*** Opening of Dataset ***

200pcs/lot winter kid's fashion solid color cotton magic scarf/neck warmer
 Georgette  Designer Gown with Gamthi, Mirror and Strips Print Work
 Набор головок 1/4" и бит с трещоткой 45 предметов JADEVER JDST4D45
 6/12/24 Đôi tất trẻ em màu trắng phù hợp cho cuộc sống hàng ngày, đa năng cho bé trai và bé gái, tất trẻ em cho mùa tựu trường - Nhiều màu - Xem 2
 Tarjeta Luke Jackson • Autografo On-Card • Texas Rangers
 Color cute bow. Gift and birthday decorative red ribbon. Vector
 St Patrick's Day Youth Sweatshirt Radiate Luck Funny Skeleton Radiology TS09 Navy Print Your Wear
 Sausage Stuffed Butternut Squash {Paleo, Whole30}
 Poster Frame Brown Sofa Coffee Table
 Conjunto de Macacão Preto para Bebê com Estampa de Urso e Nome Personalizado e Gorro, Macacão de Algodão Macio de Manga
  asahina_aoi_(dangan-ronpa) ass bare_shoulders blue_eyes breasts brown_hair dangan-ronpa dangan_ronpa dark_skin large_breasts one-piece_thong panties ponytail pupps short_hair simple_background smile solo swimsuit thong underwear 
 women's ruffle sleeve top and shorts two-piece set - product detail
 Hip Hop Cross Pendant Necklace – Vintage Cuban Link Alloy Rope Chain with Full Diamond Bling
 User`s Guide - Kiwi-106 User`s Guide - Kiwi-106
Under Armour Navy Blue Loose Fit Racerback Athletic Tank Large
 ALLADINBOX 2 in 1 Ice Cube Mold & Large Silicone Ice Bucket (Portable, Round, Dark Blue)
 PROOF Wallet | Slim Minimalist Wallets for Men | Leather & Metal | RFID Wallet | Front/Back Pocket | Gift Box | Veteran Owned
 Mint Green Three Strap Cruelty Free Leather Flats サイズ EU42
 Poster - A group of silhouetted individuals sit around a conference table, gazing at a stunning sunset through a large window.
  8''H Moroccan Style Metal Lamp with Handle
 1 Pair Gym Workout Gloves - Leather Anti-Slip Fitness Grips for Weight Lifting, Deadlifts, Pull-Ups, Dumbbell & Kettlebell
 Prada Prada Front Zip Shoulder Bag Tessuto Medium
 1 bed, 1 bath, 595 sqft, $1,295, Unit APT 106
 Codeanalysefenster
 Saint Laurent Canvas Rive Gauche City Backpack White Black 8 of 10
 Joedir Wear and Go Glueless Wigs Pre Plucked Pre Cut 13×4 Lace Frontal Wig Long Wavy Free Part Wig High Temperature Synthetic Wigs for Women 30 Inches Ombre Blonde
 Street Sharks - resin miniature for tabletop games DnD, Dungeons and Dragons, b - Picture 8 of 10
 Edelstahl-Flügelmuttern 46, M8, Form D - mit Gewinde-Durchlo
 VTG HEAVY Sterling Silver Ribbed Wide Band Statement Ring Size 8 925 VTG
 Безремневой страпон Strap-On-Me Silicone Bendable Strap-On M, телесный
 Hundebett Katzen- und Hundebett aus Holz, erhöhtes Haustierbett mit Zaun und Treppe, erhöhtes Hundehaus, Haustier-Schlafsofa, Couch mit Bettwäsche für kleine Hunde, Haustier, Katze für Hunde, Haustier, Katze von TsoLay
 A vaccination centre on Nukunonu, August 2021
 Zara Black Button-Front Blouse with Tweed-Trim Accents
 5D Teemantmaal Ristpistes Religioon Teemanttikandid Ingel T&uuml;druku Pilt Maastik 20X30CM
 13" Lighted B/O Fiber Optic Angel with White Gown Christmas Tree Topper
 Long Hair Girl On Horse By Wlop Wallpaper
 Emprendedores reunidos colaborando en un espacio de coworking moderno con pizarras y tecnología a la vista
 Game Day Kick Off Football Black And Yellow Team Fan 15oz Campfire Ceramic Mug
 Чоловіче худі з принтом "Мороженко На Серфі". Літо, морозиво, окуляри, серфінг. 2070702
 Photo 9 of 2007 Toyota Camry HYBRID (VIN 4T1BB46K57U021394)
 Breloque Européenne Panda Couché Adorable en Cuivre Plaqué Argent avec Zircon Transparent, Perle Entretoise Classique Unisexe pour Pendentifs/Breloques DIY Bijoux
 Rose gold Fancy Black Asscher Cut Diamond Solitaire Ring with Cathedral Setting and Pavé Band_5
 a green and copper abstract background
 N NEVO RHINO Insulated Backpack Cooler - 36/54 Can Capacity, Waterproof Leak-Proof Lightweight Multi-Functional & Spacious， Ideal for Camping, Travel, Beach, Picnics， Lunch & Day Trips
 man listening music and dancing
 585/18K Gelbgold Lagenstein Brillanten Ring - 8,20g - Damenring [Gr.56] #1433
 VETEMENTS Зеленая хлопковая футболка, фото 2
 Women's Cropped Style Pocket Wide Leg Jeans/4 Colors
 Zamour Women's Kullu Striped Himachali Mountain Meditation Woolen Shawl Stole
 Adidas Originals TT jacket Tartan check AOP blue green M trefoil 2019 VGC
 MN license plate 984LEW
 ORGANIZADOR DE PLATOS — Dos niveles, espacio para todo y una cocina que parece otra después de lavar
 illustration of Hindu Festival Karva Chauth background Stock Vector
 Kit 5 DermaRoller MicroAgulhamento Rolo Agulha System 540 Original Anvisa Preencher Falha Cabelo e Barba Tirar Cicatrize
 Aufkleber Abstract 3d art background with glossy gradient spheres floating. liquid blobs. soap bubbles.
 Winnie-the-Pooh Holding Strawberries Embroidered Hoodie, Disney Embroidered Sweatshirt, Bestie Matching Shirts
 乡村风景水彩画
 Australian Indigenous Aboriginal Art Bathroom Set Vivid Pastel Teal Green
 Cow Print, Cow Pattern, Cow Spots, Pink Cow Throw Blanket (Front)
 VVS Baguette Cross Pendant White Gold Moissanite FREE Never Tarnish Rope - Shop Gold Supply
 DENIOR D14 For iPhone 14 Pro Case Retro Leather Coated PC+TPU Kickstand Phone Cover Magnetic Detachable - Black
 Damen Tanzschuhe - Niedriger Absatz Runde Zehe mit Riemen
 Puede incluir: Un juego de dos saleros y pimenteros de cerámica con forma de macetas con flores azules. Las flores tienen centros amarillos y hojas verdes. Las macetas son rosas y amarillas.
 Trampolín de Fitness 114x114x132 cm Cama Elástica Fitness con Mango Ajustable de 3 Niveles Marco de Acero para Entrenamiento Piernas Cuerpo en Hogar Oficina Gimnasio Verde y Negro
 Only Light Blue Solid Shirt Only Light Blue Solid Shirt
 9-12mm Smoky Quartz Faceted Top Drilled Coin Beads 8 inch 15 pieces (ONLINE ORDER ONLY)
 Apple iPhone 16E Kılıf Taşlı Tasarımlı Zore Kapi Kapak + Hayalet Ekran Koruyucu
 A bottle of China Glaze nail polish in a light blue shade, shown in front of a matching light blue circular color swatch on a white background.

*** Close of Dataset ***

Activity:
Please return each line of the data above in which the word "Diamond" occurs.

Response box:
 Hip Hop Cross Pendant Necklace – Vintage Cuban Link Alloy Rope Chain with Full Diamond Bling
 Rose gold Fancy Black Asscher Cut Diamond Solitaire Ring with Cathedral Setting and Pavé Band_5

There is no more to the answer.